The scheduling of India’s own BRICS presidency this year, followed by China’s in 2027 and the third UN Water Conference in December 2026, offers a diplomatic window. It could help anchor water cooperation within a wider multilateral process rather than leave it to sporadic bilateral gestures.

The external affairs minister, S Jaishankar, has previously raised the issue directly with his Chinese counterparts, urging both transparency on the dam’s construction and a firm timeline for restoring data-sharing.

Beyond the Brahmaputra basin itself, India has also revived plans to interlink rivers as a buffer against any future upstream disruption. These include the proposed Manas-Sankosh-Teesta-Ganga link and the Jogighopa-Teesta-Farakka link, both intended to diversify the northeast’s water dependence beyond a single transboundary source.
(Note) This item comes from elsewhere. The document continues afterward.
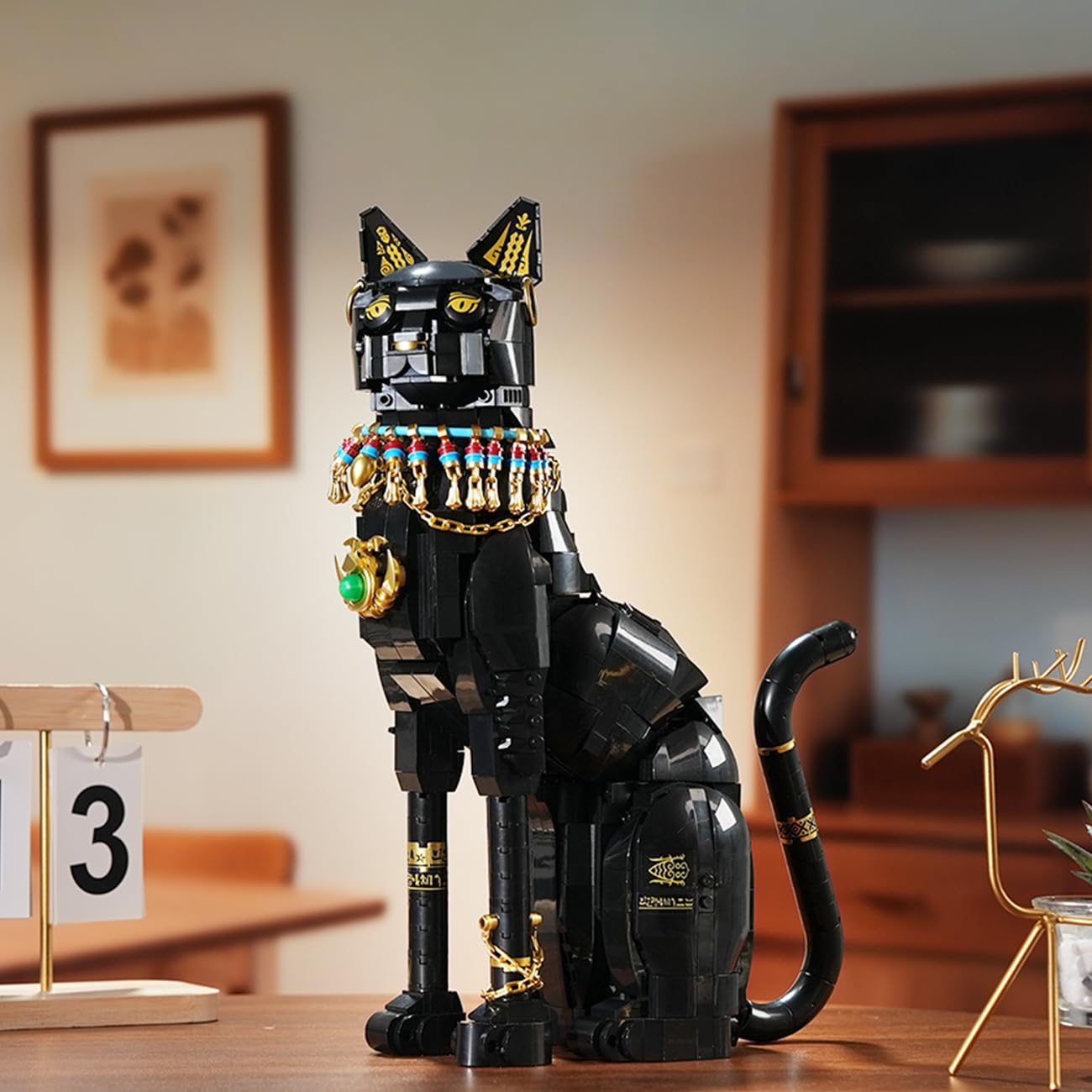 CUBIMANA Kit di gatti faraone egiziano – mattoncini da costruzione con gatto nero giocattolo per adulti, modello di gatto egiziano come decorazione per la casa, ufficio, regalo per adolescenti dai 10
Independent satellite monitoring, through India’s own remote-sensing assets, offers a further hedge, allowing New Delhi to track reservoir levels at the Great Bend even without Chinese cooperation. Finally, coordinating more closely with Bangladesh, which shares India’s downstream vulnerability on the same river system, would give New Delhi a stronger collective voice.

Such coordination could help press Beijing towards a rules-based, transparent basin framework rather than the ad hoc arrangement that has prevailed for two decades.

Gao’s remarks may or may not carry Beijing’s formal blessing. But they serve as a reminder that India’s upstream leverage on the Indus is mirrored, uncomfortably, by its downstream vulnerability on the Brahmaputra – and that closing that gap will take sustained investment in storage, data and diplomacy, not rhetoric alone.